When signals S1 and /S1 having complementary waveforms like the ones shown in FIG. 2 are respectively input to the terminals T4 and T5, a current from the constant current source IW alternately flows through the coils L1 and L2 of the magnetic head B1. At this time, voltages having counter electromotive voltage waveforms, shown as signals S2 and S3 in FIG. 2, are respectively generated at the terminals T2 and T3 of the magnetic head B1.
The diodes D1 and D2 extract the positive-side waveforms of the counter electromotive voltage waveforms of the signals S2 and S3, and supply them to the bases of the transistors Q3 and Q4. The bases of the transistors Q3 and Q4 are respectively connected to hold circuits each constituted by the capacitor C1 and the constant current source I1, or the capacitor C2 and the constant current source I2. With this arrangement, the peak voltages of the respective positive-side waveforms are held.
In FIG. 2, peak voltages VC of the signals S2 and S3 are indicated by broken lines, and held by the capacitors C1 and C2. While the counter electromotive voltage is generated across the terminals T2 and T3, i.e., the magnetic head B1 operates normally, the peak voltages VC are held by the capacitors C1 and C2, and the transistors Q3 and Q4 receiving the voltages VC through their bases are in an inoperative state. As a result, the potential of the resistor R1 connected to the collectors of the transistors Q3 and Q4 is held at a constant level.
If an abnormality occurs in the magnetic head B1, no counter electromotive voltage is generated across the terminals T2 and T3, the potentials of the capacitors C1 and C2 decrease due to the constant current sources I1 and I2, and the base potentials of the transistors Q3 and Q4 decrease. If the maximum voltage at the terminal T1 of the magnetic head B1 becomes lower than a potential EB, shown in FIG. 2, set at the voltage source E2, the transistors Q3 and Q4 are set in an operative state. Accordingly, the voltage of the resistor R1 rises to raise the level at the terminal T6. In this manner, when an abnormality occurs in the magnetic head, the abnormality is detected on the basis of the voltage generated at the terminal T6.

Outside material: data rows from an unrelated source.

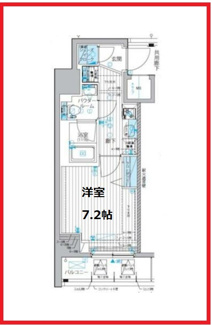 【間取り】 | メインステージ三ノ輪Ⅲ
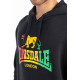 LONSDALE® Men's Hooded Sweatshirt Regular Fit Black (115097)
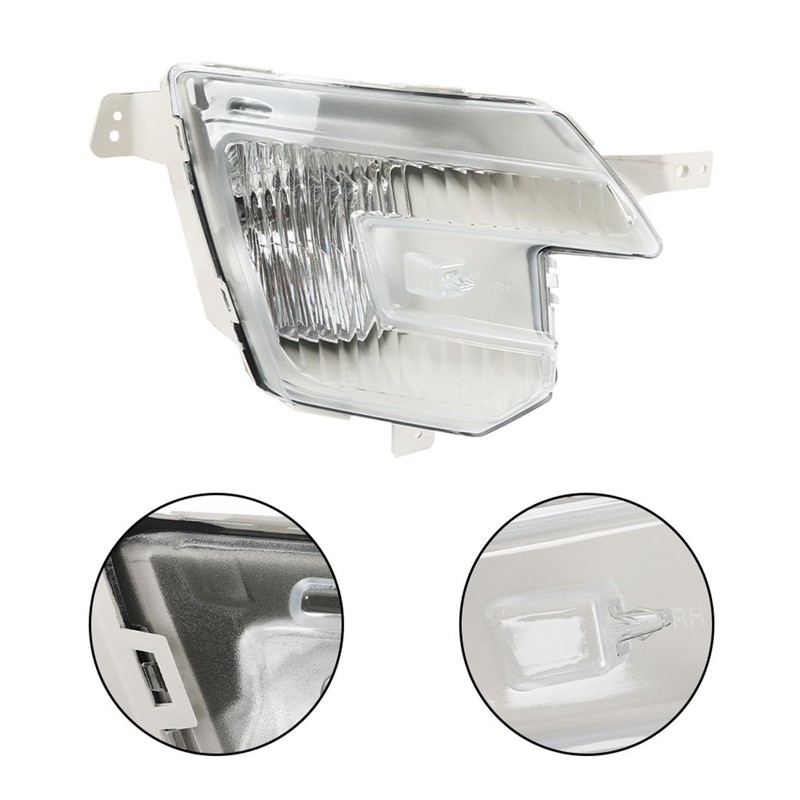 WFLNHB Right Halogen Fog Light Repalcement for Explorer 2016-2017 Front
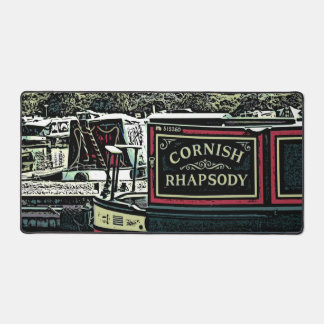 NARROWBOATS   DESK MAT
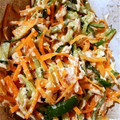 いっちどん's cooksnap of when they made きゅうりと大根と人参のツナマヨサラダ.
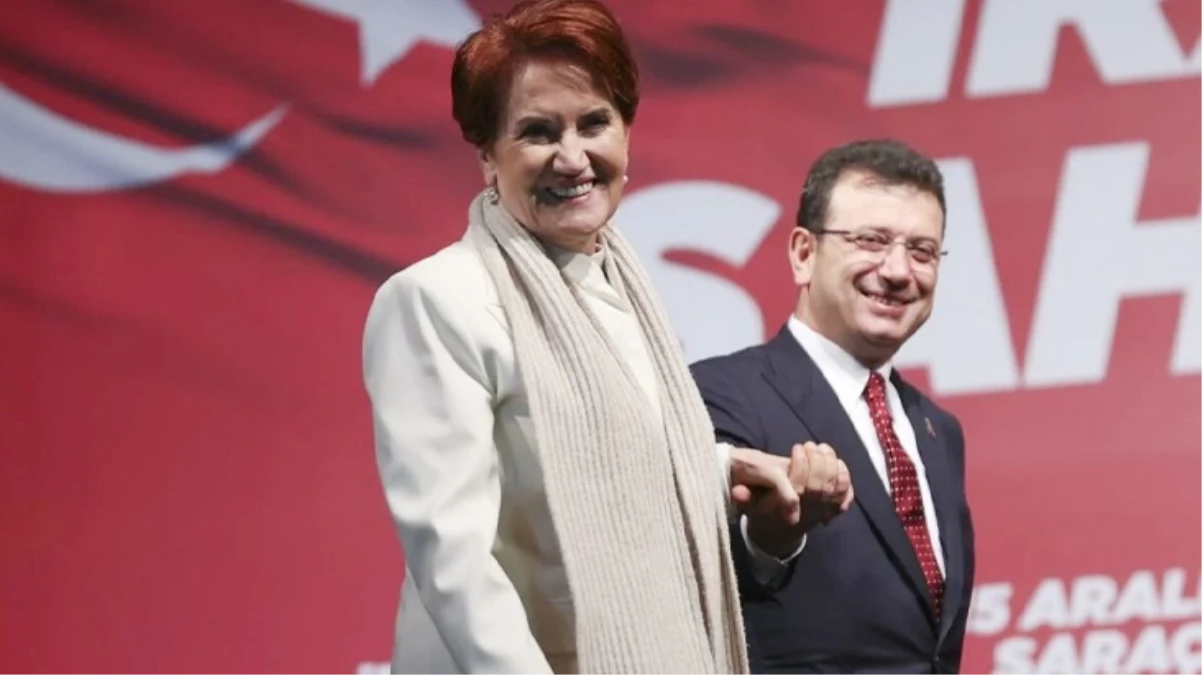 İmamoğlu'ndan Akşener'e zeytin dalı: Sözleri incitti ama abla kardeş çözeriz biz onu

Most of magnetic heads used in magnetic disk apparatuses have been induction heads for both recording and reproduction. In recent years, however, the reproduction ability of the induction head is being limited, and the magnetic head is shifting to a magnetic head (to be referred to as an MR head hereinafter) using a magnetoresistive effect element for a reproduction head. This MR head is a combined head constituted by the induction head for recording and the magnetoresistive effect element (to be referred to as an MR element hereinafter) for reproduction. Therefore, the induction head and the MR head have no difference in terms of the recording ability. However, the data transfer rate is as high as, e.g., 100 Mbit/sec in proportion to the reproduction ability of the MR head, and the inductance is being decreased by decreasing the number of turns of the coil of the recording head in order to improve the leading characteristics of the recording current.
For example, the coil of a thin-film head as a kind of induction head has 40 to 50 turns. To the contrary, the coil of the recording head of the MR head has about 16 turns. Since the inductance of the coil is proportional to the square of the number of turns of the coil, it is obtained from the number of turns in the MR head. The inductance of the coil is proportional to the square of the number of turns of the coil, so that the inductance of the MR head is about 0.2 .mu.H.

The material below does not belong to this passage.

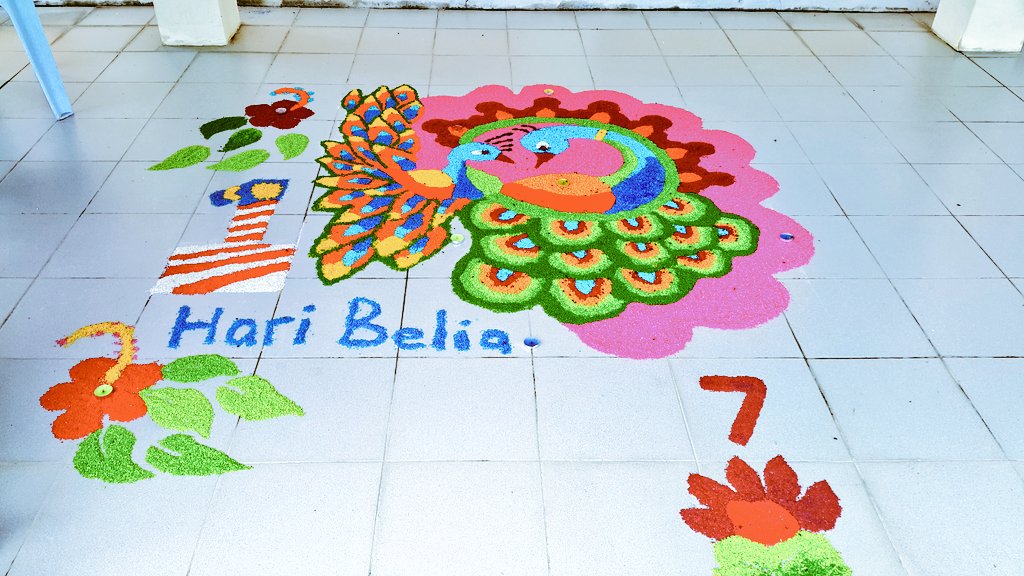 HBNupdate's tweet photo. Sentuhan Colum #HBN2016 Selangor @JbsSelangor https://t.co/dCR5Z2rphp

In this manner, the magnetic head shifts from the induction head to the highly sensitive MR head, and the recording density increases to increase the data transfer rate. As a result, the inductance of the wire connecting the magnetic head and the recording/reproduction integrated circuit, and the presence of a stray capacitance cannot be ignored. Demand arises for highly precise detection of an abnormality in the magnetic head.
In most of recent magnetic heads, the recording coil is constituted by two terminals, so that the recording circuit and the magnetic head abnormality detection circuit are also indispensably improved.